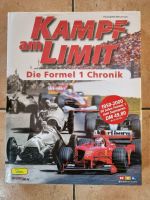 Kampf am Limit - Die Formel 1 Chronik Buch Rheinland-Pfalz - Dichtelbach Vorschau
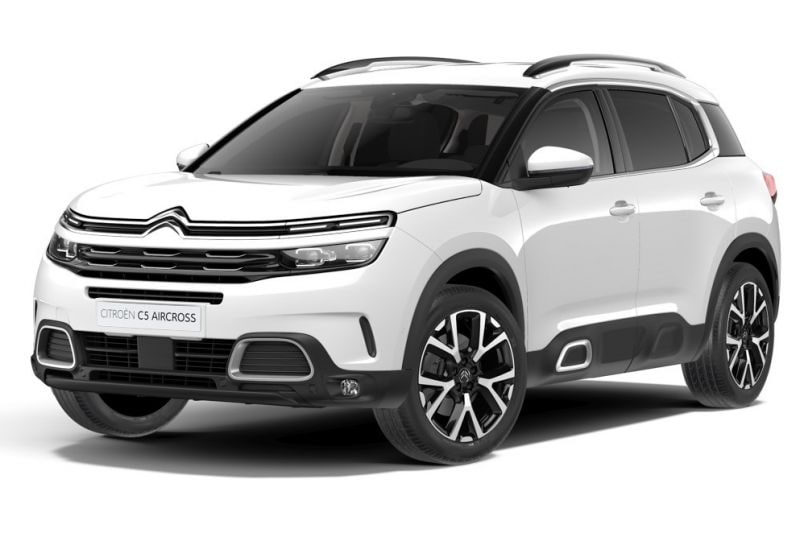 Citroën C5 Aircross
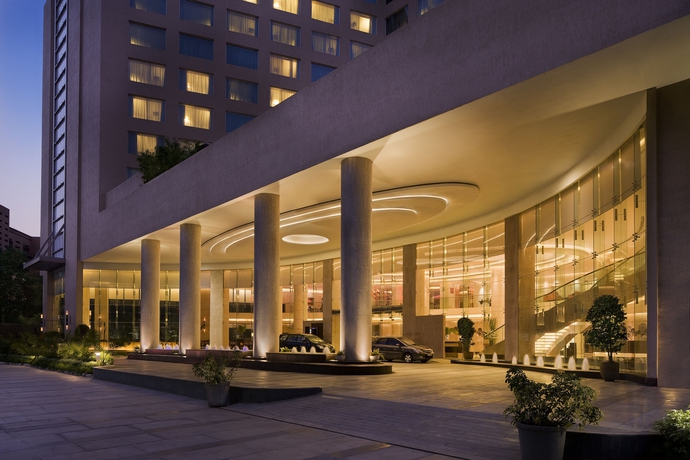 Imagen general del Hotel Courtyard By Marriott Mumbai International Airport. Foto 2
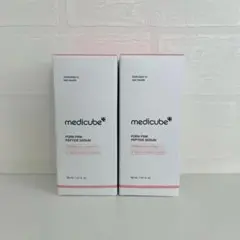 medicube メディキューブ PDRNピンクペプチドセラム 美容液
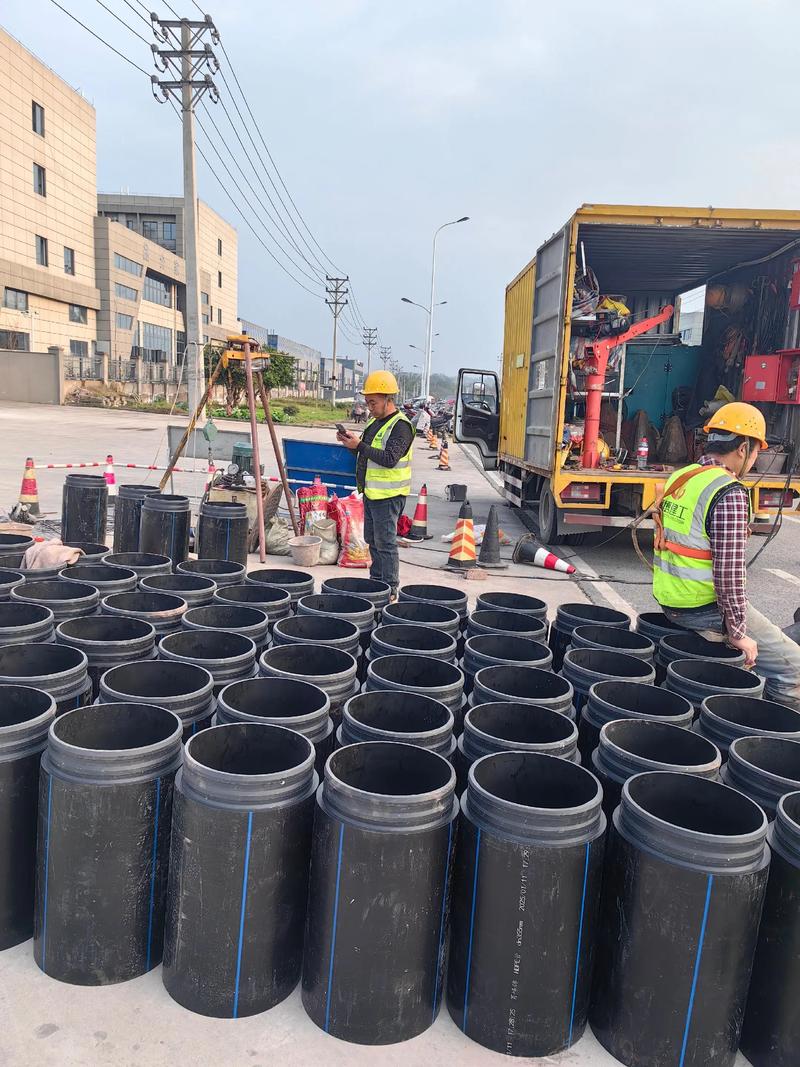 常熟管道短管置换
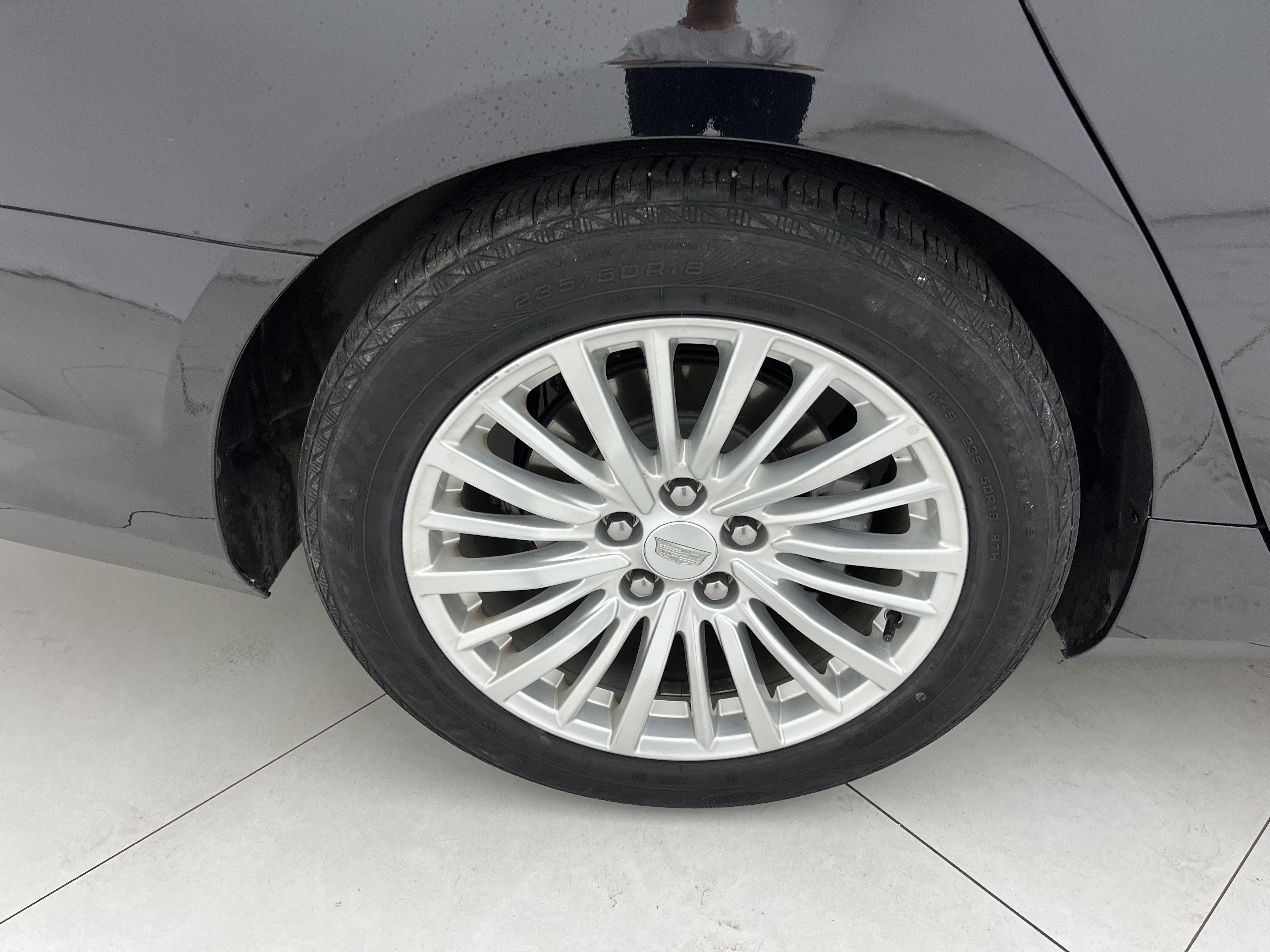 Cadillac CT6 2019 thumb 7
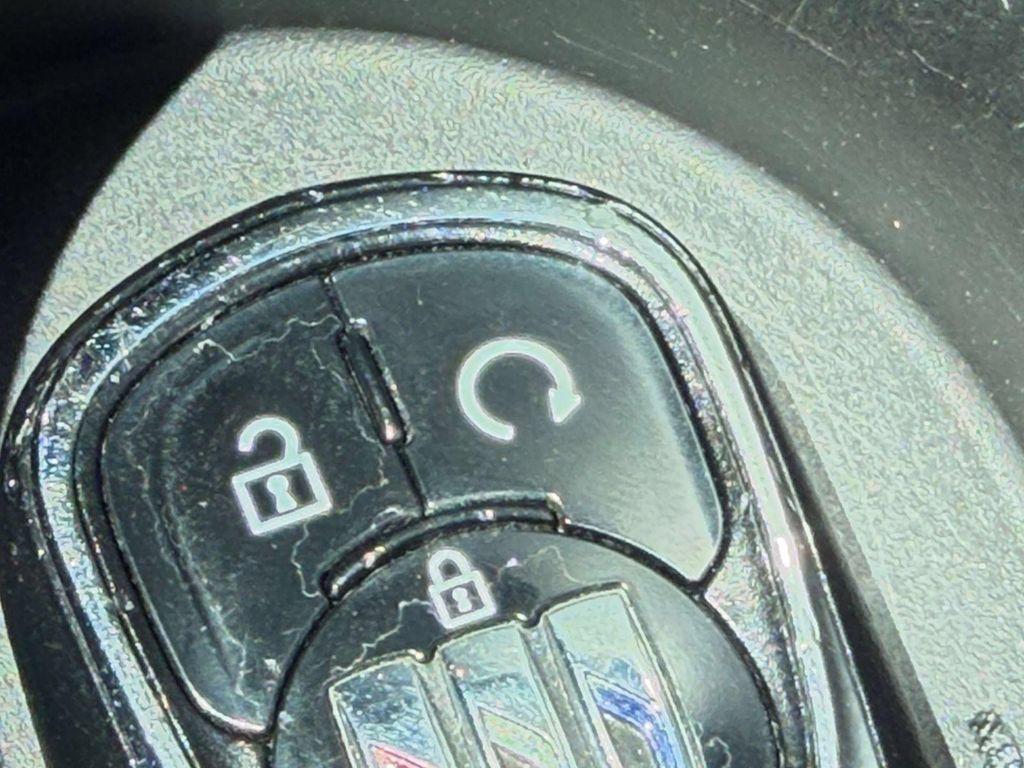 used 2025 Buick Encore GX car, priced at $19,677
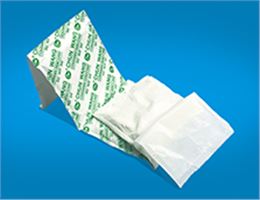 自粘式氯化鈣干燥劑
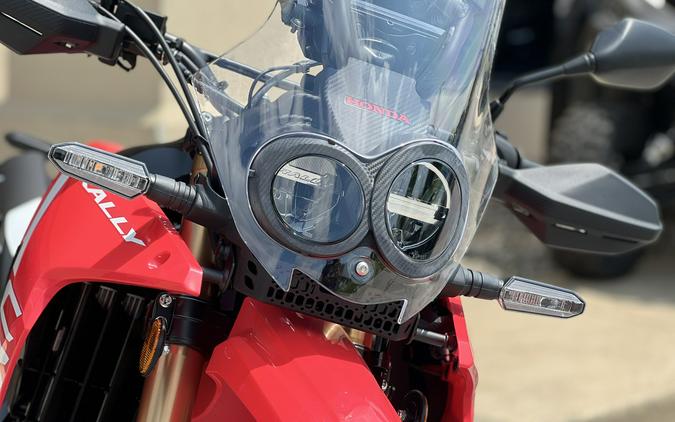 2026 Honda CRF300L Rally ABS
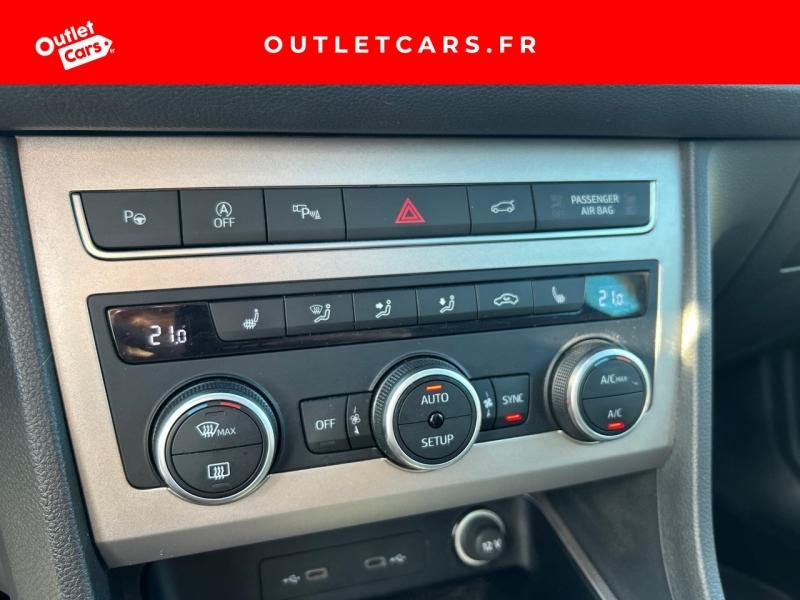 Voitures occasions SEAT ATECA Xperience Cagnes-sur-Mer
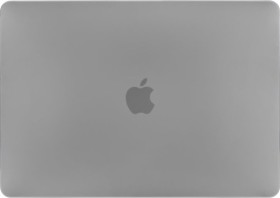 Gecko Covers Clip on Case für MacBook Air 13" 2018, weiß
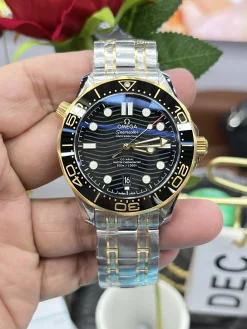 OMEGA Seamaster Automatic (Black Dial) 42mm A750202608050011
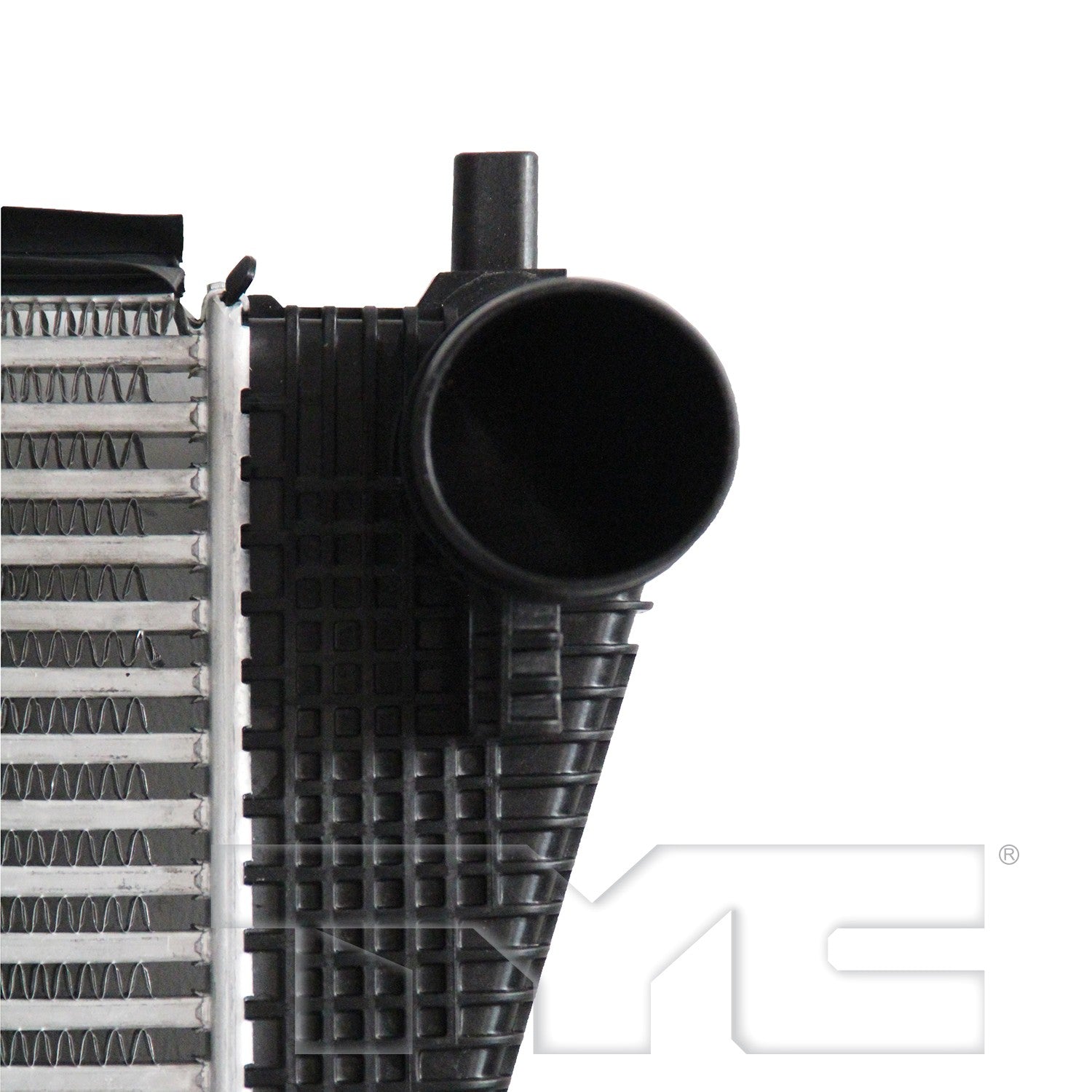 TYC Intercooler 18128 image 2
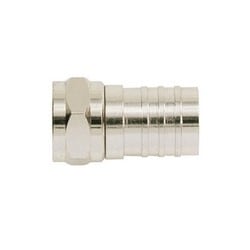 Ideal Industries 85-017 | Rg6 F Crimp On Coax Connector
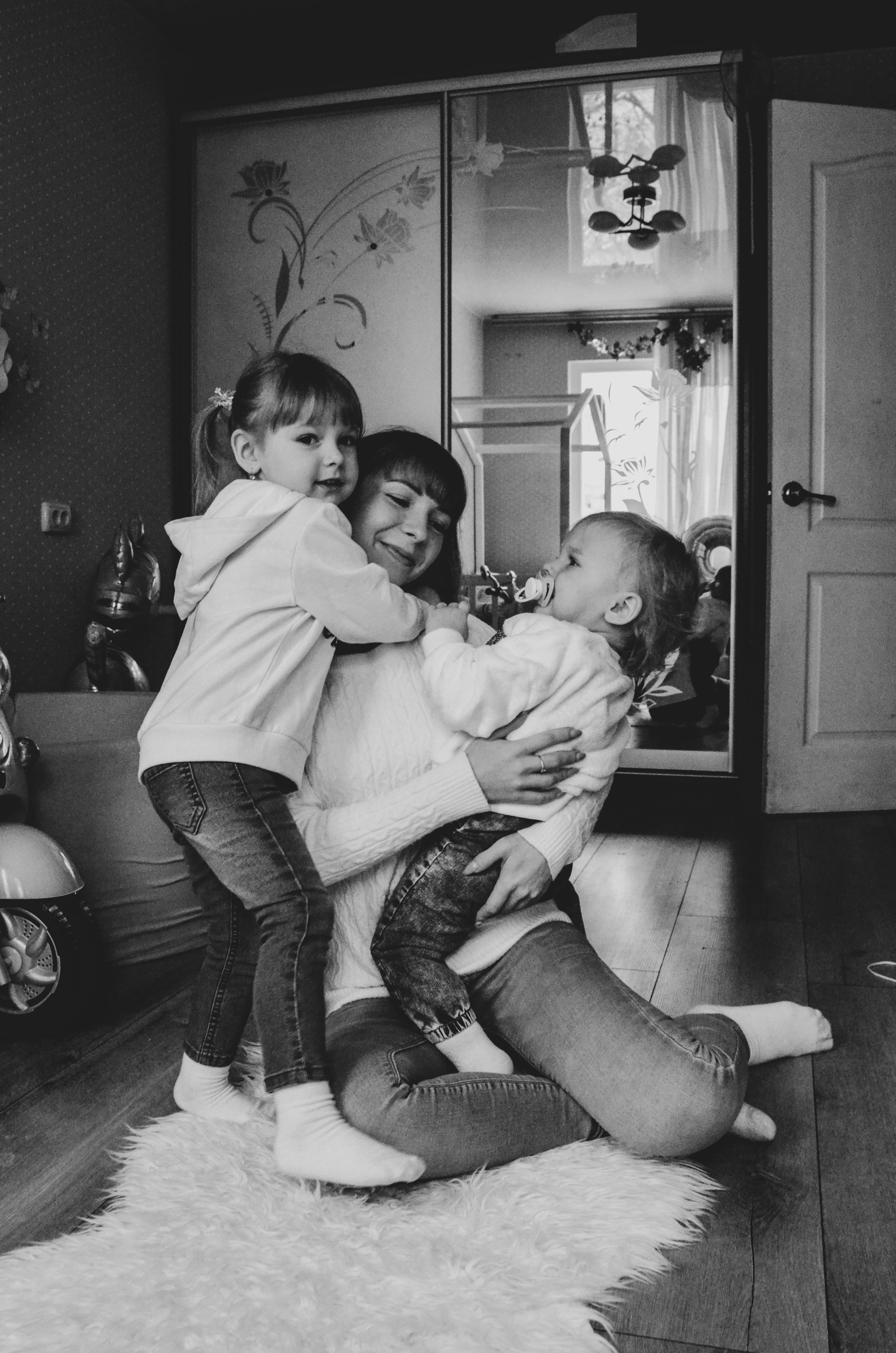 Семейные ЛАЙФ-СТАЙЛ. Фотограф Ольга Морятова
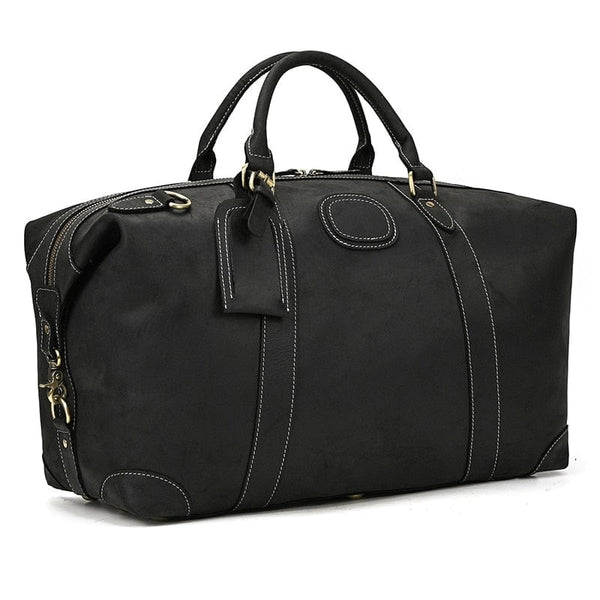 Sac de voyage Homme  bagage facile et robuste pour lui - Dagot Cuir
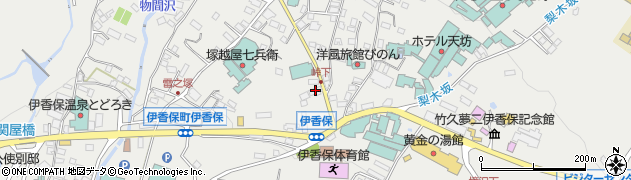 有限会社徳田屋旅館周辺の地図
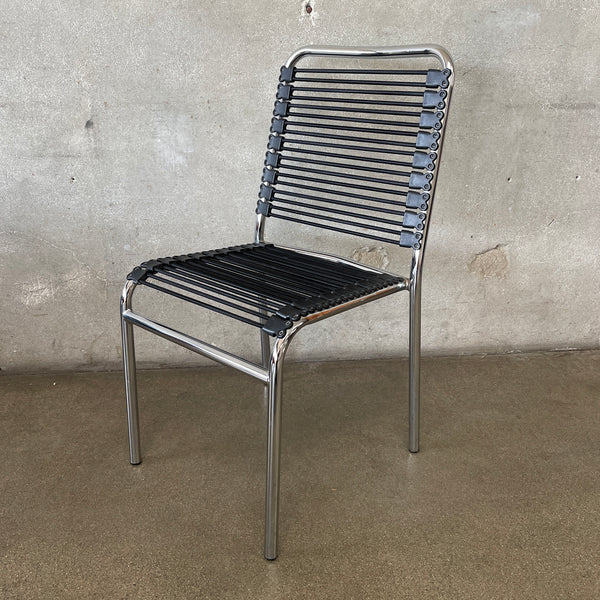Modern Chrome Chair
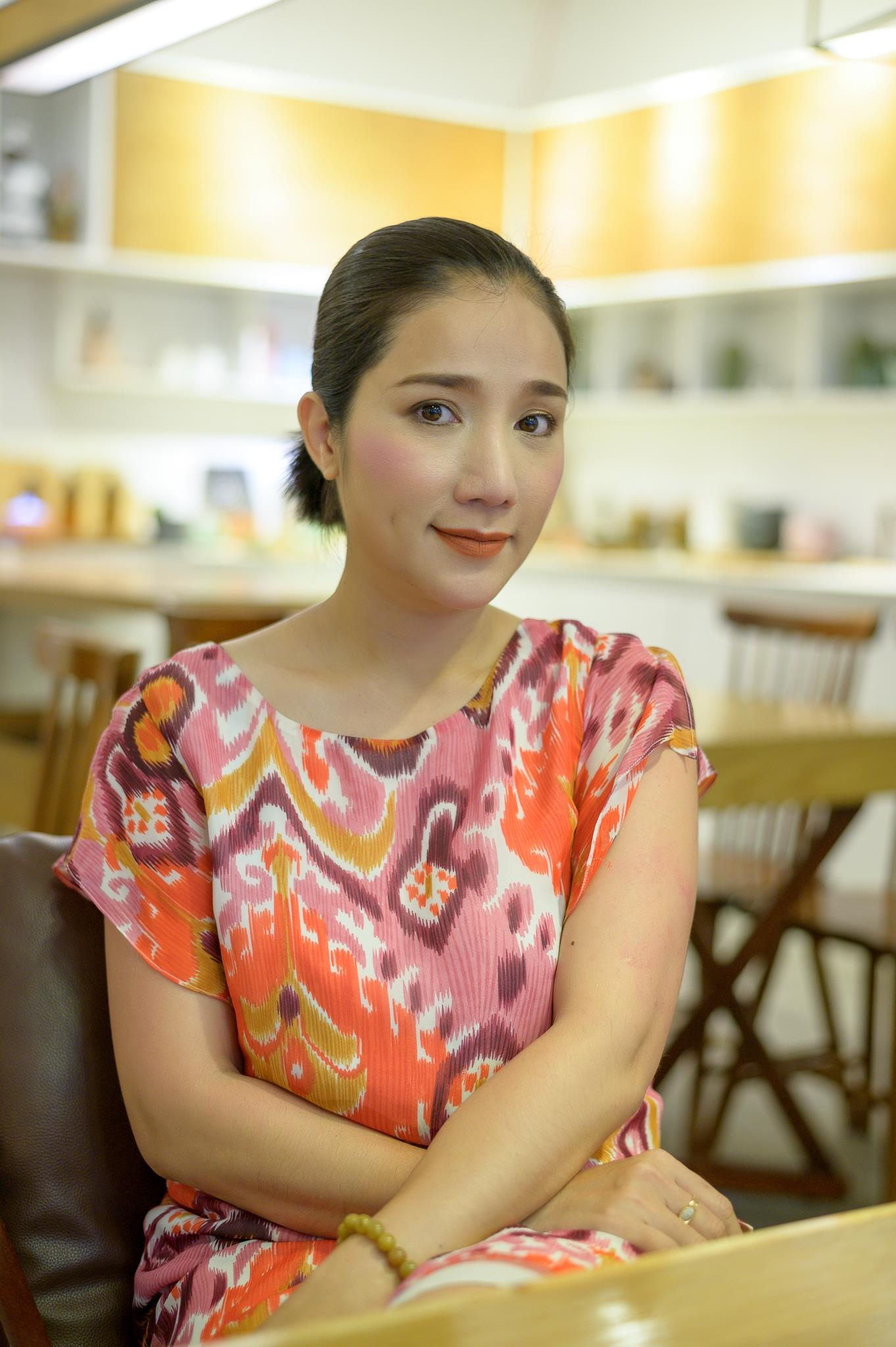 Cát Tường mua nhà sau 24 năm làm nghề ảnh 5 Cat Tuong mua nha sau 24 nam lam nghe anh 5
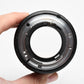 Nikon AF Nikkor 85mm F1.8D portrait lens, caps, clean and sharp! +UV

-------

TASK TO CARRY OUT
Except for the pictures, set down all of the records exactly as they are.

SOLUTION TO THIS TASK
 Kampf am Limit - Die Formel 1 Chronik Buch Rheinland-Pfalz - Dichtelbach Vorschau
 Citroën C5 Aircross
 Imagen general del Hotel Courtyard By Marriott Mumbai International Airport. Foto 2
 medicube メディキューブ PDRNピンクペプチドセラム 美容液
 常熟管道短管置换
 Cadillac CT6 2019 thumb 7
 used 2025 Buick Encore GX car, priced at $19,677
 自粘式氯化鈣干燥劑
 2026 Honda CRF300L Rally ABS
 Voitures occasions SEAT ATECA Xperience Cagnes-sur-Mer
 Gecko Covers Clip on Case für MacBook Air 13" 2018, weiß
 OMEGA Seamaster Automatic (Black Dial) 42mm A750202608050011
 TYC Intercooler 18128 image 2
 Ideal Industries 85-017 | Rg6 F Crimp On Coax Connector
 Семейные ЛАЙФ-СТАЙЛ. Фотограф Ольга Морятова
 Sac de voyage Homme  bagage facile et robuste pour lui - Dagot Cuir
 有限会社徳田屋旅館周辺の地図
Modern Chrome Chair
 Cát Tường mua nhà sau 24 năm làm nghề ảnh 5 Cat Tuong mua nha sau 24 nam lam nghe anh 5
 Nikon AF Nikkor 85mm F1.8D portrait lens, caps, clean and sharp! +UV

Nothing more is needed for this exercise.